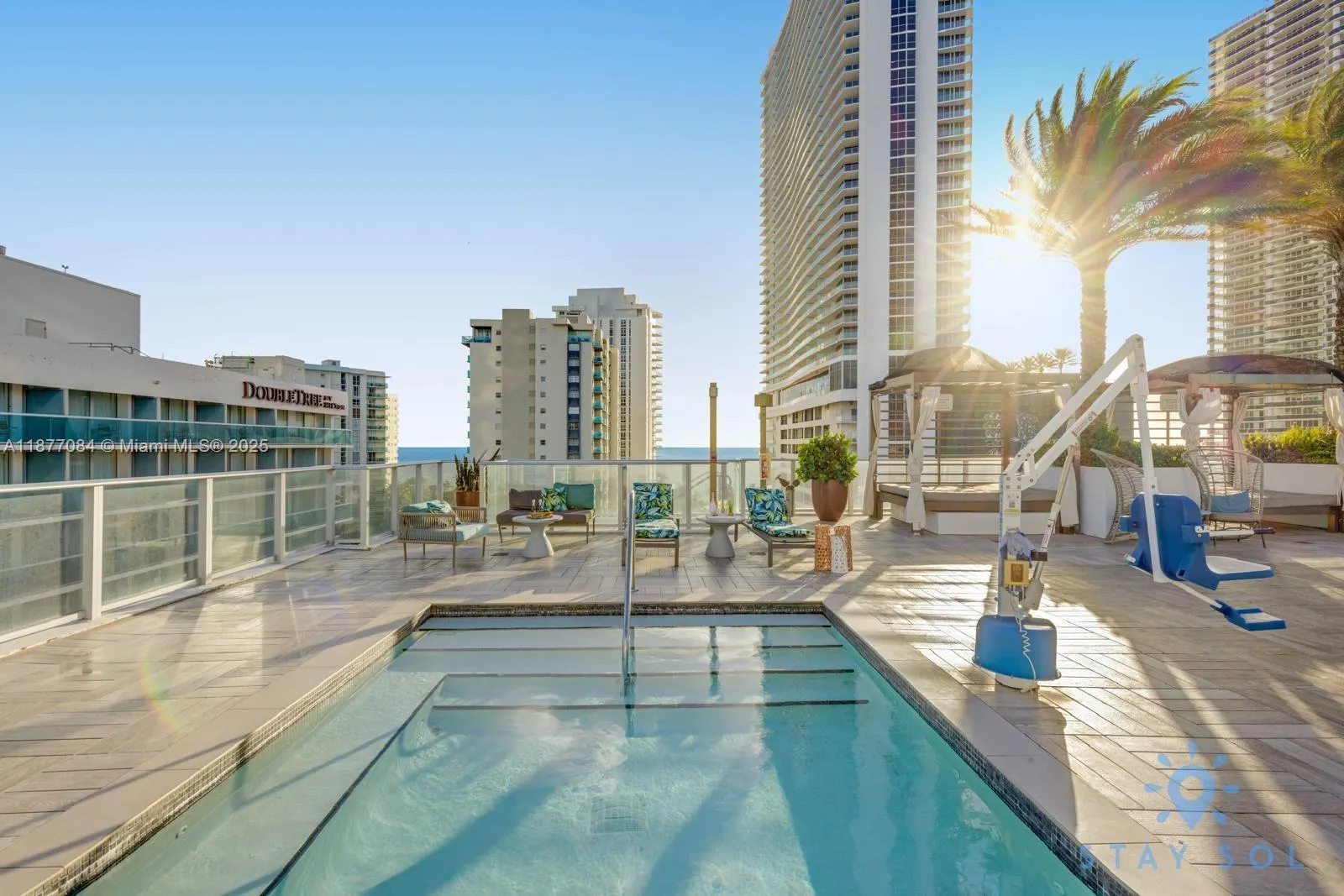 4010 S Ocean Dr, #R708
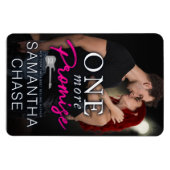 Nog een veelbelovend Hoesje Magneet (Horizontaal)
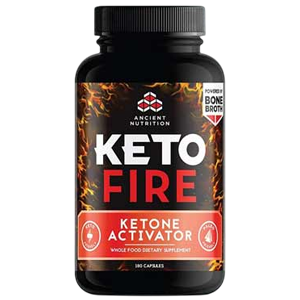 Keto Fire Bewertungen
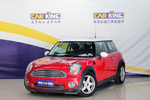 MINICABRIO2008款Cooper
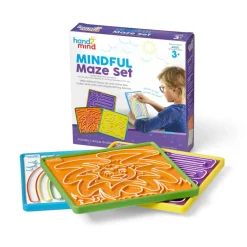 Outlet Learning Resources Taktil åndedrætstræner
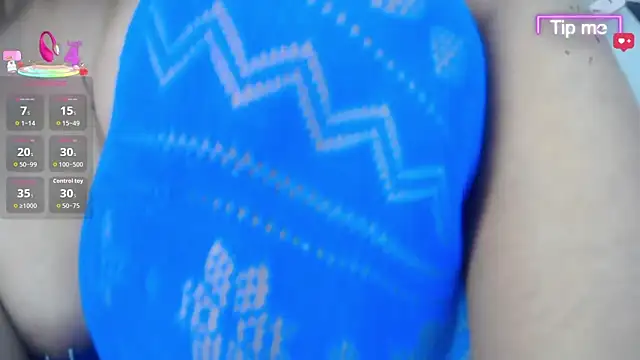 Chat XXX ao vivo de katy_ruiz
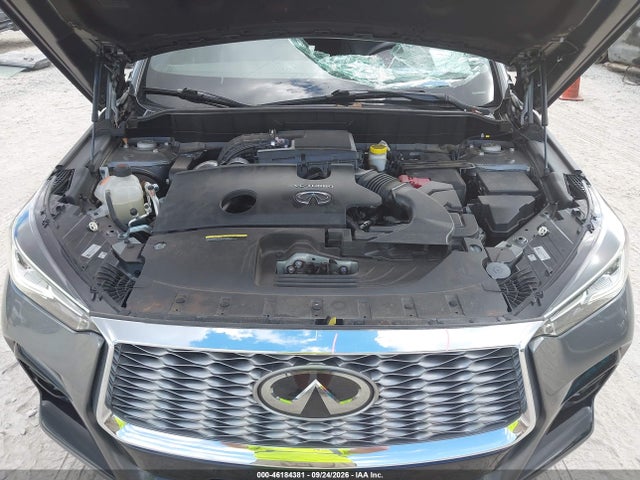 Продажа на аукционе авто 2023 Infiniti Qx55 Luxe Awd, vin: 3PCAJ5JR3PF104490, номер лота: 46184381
------------------------------------------------------------------------
### What you have to do
With the pictures left out, copy exactly the lines from the line holding "Nog een veelbelovend" through the final line of the records, including both.

### Task output
 Nog een veelbelovend Hoesje Magneet (Horizontaal)
 Keto Fire Bewertungen
 MINICABRIO2008款Cooper
 Outlet Learning Resources Taktil åndedrætstræner
 Chat XXX ao vivo de katy_ruiz
 Продажа на аукционе авто 2023 Infiniti Qx55 Luxe Awd, vin: 3PCAJ5JR3PF104490, номер лота: 46184381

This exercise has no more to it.